By then, Shelby had lost interest in the Daytona coupe. The Ford GT program was now in his hands, along with a lot of Ford money, and the executives in Dearborn had declared that further development of the Daytona, which had so far proven to be faster than Ford’s own mid-engine coupe, was forbidden. Even so, when handed over to a British team for the 1965 season, the Daytonas won eight of the 10 races they entered and captured the championship that had eluded them the previous year, albeit with no major opposition from Ferrari.
And then, like so many racing cars of the period, the six Daytona coupes were deemed worthless. They sat, some for several years, in Shelby’s shop, awaiting buyers who were slow to come forth. Should one of the six—all have survived, and all but one have been restored to better-than-new condition—change hands today, it would command a sum in the range of $5 million to $6 million, for Peter Brock’s once-scorned design has come to be valued for its beauty as well as its racing success.
The Other New Daytona Coupe
Nowadays, Carroll Shelby is a big fan of the Cobra Daytona coupe. For some years, he owned one of the six originals and was therefore receptive when Paul Andrews, proprietor of Cobra and Shelby Classic Cars, approached him with the idea of building “continuation” versions of the original, using either existing Cobra roadster chassis or near-identical re-creations. Along with Shelby’s blessing came the right to use a block of serial numbers sequential to those assigned in 1963.
The new coupes, 10 of which have been completed or are under construction at the present time, are incredibly faithful replicas. Andrews supervised the restoration of three of the six built in 1963 and 1964, and so he was able to take measurements and examine details to ensure accuracy. The final body shape, hand-formed like the originals in aluminum, is something of an amalgamation, because all three were different. However, a customer can order a car with a body that precisely matches any one of the originals.

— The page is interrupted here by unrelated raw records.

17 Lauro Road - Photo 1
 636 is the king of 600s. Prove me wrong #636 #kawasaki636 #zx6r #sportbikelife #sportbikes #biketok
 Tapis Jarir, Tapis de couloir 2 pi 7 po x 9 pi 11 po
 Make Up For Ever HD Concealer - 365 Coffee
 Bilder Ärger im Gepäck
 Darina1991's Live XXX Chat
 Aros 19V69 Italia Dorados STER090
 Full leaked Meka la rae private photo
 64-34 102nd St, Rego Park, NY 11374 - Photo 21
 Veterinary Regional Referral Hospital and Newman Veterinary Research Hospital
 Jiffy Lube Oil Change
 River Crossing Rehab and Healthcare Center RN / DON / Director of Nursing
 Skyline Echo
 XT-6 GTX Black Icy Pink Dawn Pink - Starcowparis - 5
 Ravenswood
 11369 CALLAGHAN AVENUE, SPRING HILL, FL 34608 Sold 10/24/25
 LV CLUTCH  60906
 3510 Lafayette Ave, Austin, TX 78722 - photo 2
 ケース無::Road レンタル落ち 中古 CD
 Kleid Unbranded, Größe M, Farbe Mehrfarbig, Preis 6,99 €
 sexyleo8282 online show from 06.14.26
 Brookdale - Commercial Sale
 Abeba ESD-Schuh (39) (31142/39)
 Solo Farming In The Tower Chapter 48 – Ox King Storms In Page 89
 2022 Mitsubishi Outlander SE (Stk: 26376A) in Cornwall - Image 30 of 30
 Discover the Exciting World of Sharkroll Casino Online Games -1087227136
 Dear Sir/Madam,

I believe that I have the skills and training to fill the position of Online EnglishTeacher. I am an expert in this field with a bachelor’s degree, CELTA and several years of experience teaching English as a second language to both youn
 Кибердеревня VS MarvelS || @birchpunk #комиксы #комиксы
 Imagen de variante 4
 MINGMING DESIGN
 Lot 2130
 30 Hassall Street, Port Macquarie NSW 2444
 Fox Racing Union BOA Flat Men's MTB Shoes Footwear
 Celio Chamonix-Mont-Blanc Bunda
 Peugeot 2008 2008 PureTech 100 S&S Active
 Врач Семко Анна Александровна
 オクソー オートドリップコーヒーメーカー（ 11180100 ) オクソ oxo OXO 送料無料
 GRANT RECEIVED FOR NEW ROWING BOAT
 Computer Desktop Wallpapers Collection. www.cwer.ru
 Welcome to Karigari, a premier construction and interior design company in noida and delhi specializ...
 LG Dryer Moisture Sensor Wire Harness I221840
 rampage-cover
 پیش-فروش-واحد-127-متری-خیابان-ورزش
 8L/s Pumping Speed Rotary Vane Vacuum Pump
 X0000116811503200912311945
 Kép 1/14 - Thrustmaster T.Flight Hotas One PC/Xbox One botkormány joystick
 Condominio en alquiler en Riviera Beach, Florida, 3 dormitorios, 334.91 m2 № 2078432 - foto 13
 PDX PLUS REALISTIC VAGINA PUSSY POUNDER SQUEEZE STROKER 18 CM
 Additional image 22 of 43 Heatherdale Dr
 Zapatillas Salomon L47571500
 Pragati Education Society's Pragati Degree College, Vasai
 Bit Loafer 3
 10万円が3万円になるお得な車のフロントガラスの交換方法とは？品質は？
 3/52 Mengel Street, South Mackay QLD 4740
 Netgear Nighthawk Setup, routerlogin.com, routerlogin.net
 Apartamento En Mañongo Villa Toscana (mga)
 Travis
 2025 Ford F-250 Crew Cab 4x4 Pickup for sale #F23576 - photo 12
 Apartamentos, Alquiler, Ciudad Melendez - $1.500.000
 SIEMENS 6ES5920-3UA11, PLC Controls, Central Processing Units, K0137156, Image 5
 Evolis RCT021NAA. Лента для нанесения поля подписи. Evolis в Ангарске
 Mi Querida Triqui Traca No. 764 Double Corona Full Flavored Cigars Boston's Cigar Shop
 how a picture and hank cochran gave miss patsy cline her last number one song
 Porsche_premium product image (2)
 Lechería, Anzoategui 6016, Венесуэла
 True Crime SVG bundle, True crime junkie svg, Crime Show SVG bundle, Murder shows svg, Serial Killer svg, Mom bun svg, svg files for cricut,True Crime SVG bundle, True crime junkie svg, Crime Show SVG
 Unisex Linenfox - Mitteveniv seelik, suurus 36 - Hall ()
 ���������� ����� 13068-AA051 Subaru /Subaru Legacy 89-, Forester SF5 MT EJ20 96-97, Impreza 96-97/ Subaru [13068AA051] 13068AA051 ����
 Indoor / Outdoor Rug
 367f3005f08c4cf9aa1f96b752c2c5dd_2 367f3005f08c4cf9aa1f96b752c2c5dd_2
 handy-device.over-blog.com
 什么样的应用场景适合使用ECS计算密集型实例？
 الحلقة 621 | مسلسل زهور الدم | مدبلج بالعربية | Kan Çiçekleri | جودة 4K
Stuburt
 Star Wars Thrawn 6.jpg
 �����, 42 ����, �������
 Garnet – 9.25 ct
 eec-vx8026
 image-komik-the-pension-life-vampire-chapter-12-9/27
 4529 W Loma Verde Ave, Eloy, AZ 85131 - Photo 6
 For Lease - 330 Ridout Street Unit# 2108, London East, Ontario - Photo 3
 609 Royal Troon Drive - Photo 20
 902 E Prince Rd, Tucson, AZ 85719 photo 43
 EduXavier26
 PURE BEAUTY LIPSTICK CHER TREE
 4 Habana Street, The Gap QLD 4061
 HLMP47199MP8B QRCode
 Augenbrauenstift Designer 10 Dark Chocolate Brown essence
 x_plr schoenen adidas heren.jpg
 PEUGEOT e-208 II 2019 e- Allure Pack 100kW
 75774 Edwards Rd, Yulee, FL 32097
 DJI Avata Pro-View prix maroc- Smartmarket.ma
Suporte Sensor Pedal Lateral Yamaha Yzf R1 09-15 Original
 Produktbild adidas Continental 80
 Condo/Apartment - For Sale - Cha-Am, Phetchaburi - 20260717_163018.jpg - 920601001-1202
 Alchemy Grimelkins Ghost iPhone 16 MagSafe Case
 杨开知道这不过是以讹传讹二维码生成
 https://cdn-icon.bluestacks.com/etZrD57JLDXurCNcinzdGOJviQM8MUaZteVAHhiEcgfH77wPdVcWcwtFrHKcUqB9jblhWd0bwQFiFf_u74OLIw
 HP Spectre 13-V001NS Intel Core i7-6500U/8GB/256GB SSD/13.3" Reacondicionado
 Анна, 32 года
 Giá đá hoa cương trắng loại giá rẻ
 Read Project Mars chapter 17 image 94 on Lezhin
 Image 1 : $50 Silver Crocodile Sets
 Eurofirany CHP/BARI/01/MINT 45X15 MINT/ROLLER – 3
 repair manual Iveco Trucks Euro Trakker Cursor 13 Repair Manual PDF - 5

Underneath the skin, the new cars are equally correct. Their ladder frames are indistinguishable from those supplied to Shelby by AC Cars, and all parts are sourced from the original manufacturers or are purpose-built duplicates, from the transversely mounted leaf springs used in the suspension to the switches and gauges in the cockpit to the small-block Ford V-8 engine with four large Weber carburetors that barely clear the bulge in the hood panel.
Finish quality of the continuation cars, built at McCluskey Ltd. in Torrance, Calif., is naturally far better than that of the 1963–1964 cars. The first six were racers, built quickly and altered (sometimes crudely) as they competed; they needed to look good only at a distance. Expectations are higher now, so the new cars are delivered in 100-point show car condition, although a couple of those that have already sold were intended for—and have competed in—vintage racing.
All this hand labor and attention to detail comes at a price. A “standard” coupe, built on a new chassis and equipped to original specifications, costs about $350,000 and takes a minimum of one year to complete. Because each is built to order, customer wishes—for air-conditioning, more powerful engines, and detail changes, for example—are accommodated at extra cost.
Thanks to Andrews’ project, Carroll Shelby again owns a Daytona coupe. His combines one of the new bodies with a chassis salvaged from an original Cobra roadster.